Let’s talk about the false theory of success that says you can’t have success without stress, that suffering is inevitable and even necessary to attain success in the world. It seems very relevant to classroom culture today. How can teachers today meet the demands on them and their students—without actually harming the health of their students?
Emma Seppälä: Research shows that when we’re in a fight-or-flight situation—you have a test, or a project due—a little stress can actually help you get through that deadline. In that situation, it’s like a little rush of adrenaline that gives us a little extra push. But when stress is chronic, when it becomes fight-or-flight every day, it can actually break you down and cause depletion. You’ll see children who can’t calm themselves down, who can’t even go to sleep—and sleep is one of the most natural functions of our bodies.
One thing we’ve seen to be very helpful in classrooms are mindfulness programs for students, including breathing exercises. These are programs that can teach children to tap into their parasympathetic “rest and digest” nervous system and calm right down.
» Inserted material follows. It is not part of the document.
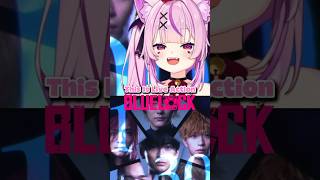 WHAT IS THIS ANIME??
The breathing programs, in particular, are simple and very easy to implement—and research has shown that those students are more focused and less impulsive.
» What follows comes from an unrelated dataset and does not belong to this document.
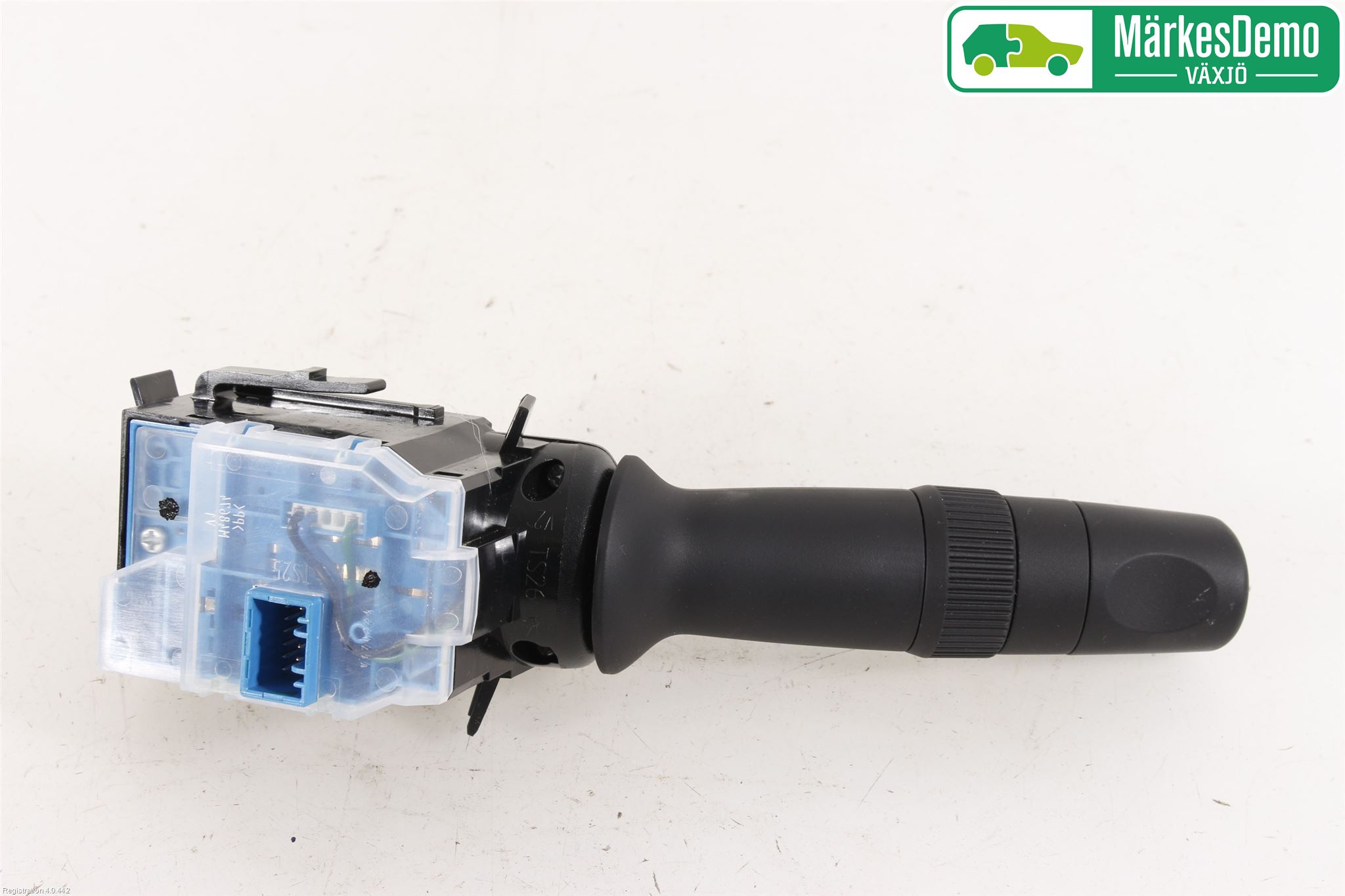 Honda HR-V 15-21 Spak Blinkers-Ljusomk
Two other false theories of success, which seem a bit related, are: “Focus on your niche,” which suggests we need to focus on just one area of knowledge to succeed, and also “play to your strengths,” which suggests staying away from areas of weaknesses. In a classroom, that might sound a lot like, “I’m not good at math…” How can educators talk to students about their brains, and their strengths or weaknesses?
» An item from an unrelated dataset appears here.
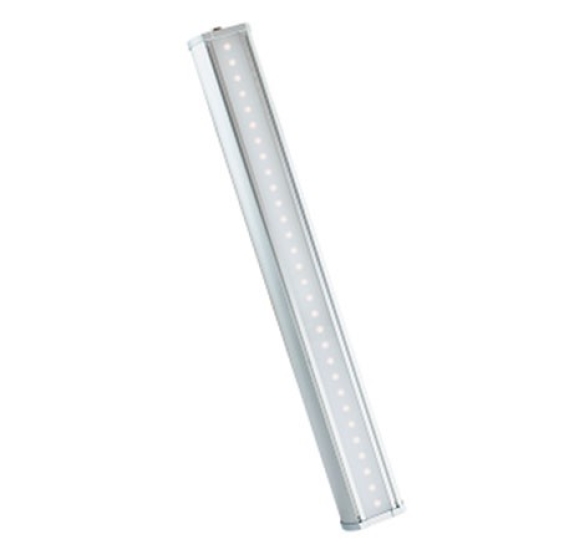 Светодиодный светильник ДСО 01-24-850-Д110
ES: They should let them know that their brains are built to learn new things. By learning that fact, they’ll understand their brains can learn anything, if they try. Research shows this message actually makes students more enthusiastic in the face of challenges… Stanford University’s Carol Dweck also has shown how identifying children by “strengths,” saying he’s an artist or she’s a math person, boxes them in and actually makes them less likely to want to try new things or take on new challenges. Instead, the message to students should be: This is your adventure. You can embrace the adventure.
Let’s talk about creativity. In the book, you suggest allowing your mind to drift, to idle, to unplug. How do you think that might be successfully practiced in a classroom?
ES: CEOs currently value creativity more than any other trait in the incoming workforce, and yet we’re experiencing a real creativity crisis in the classroom. In the book, I look at Dr. Kyung-Hee Kim’s research, which shows that creativity remains static or declines after sixth grade, and that since 1990 there has been a steady decline in creativity scores. Unfortunately, most of the tests that teachers have to work toward value more narrow thinking, or linear thinking, over divergent thinking, or creative thinking. There is nothing wrong with linear thinking, but there has to be space created for that kind of disruptive, brainstorming type of creative thinking… like an improv comedy class!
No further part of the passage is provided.